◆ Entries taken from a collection

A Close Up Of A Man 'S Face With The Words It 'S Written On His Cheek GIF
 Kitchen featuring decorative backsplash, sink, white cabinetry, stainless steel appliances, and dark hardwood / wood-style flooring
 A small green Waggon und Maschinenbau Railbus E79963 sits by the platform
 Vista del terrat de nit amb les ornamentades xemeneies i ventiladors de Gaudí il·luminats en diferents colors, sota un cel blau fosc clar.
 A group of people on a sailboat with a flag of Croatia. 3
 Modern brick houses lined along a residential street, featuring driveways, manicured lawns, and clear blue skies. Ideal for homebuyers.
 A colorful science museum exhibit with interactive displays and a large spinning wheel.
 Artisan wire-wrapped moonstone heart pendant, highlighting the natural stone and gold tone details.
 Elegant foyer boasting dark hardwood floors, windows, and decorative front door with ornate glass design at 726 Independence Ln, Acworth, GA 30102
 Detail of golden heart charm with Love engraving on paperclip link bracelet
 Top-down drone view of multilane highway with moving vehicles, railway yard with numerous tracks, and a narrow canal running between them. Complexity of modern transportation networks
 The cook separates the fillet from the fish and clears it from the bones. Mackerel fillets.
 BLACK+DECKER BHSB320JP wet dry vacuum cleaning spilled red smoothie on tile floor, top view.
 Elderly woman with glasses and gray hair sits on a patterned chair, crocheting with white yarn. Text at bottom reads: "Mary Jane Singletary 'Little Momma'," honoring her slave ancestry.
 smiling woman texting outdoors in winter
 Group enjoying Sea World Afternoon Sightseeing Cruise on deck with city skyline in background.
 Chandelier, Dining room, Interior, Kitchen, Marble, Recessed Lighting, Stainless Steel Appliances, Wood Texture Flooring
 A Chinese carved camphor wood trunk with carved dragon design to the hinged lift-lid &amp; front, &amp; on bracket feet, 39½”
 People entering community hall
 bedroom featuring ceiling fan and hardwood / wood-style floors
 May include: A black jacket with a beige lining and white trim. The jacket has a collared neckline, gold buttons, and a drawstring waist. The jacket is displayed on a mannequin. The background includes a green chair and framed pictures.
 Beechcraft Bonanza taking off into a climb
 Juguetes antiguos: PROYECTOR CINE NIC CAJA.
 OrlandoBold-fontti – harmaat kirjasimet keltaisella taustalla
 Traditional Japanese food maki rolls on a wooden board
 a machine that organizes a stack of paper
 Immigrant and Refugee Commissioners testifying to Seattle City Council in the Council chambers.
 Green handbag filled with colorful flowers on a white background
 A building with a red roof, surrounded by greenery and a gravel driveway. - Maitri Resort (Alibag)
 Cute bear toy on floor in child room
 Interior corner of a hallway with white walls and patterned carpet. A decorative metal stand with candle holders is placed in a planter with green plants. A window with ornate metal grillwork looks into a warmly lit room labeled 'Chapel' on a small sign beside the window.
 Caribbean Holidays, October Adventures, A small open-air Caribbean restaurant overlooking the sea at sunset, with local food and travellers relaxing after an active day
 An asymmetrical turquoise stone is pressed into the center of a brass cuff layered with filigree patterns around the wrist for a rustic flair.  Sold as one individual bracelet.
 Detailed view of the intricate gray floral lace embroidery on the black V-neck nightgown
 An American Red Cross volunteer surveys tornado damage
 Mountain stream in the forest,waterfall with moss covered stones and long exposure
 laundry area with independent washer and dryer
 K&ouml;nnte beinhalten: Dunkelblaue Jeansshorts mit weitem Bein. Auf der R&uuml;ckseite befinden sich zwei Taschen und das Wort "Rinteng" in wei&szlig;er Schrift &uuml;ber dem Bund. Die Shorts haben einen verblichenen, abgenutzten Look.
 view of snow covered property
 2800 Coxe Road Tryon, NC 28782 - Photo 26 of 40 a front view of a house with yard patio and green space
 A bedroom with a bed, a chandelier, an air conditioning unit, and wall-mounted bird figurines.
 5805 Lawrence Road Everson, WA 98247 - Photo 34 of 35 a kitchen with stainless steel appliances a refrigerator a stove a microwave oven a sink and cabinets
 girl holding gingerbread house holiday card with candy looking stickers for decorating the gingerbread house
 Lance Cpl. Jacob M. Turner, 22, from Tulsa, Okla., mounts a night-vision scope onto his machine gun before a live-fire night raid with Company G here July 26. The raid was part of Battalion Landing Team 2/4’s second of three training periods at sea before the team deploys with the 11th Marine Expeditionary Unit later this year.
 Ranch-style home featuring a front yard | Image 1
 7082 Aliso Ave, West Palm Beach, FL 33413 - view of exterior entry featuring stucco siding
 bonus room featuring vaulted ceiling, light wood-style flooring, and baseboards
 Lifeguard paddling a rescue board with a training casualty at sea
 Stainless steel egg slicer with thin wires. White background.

◆ BRIEF
Copy out the lines above word for word, stopping after the line containing "Kitchen featuring decorative".

◆ EXERCISE SOLUTION
A Close Up Of A Man 'S Face With The Words It 'S Written On His Cheek GIF
 Kitchen featuring decorative backsplash, sink, white cabinetry, stainless steel appliances, and dark hardwood / wood-style flooring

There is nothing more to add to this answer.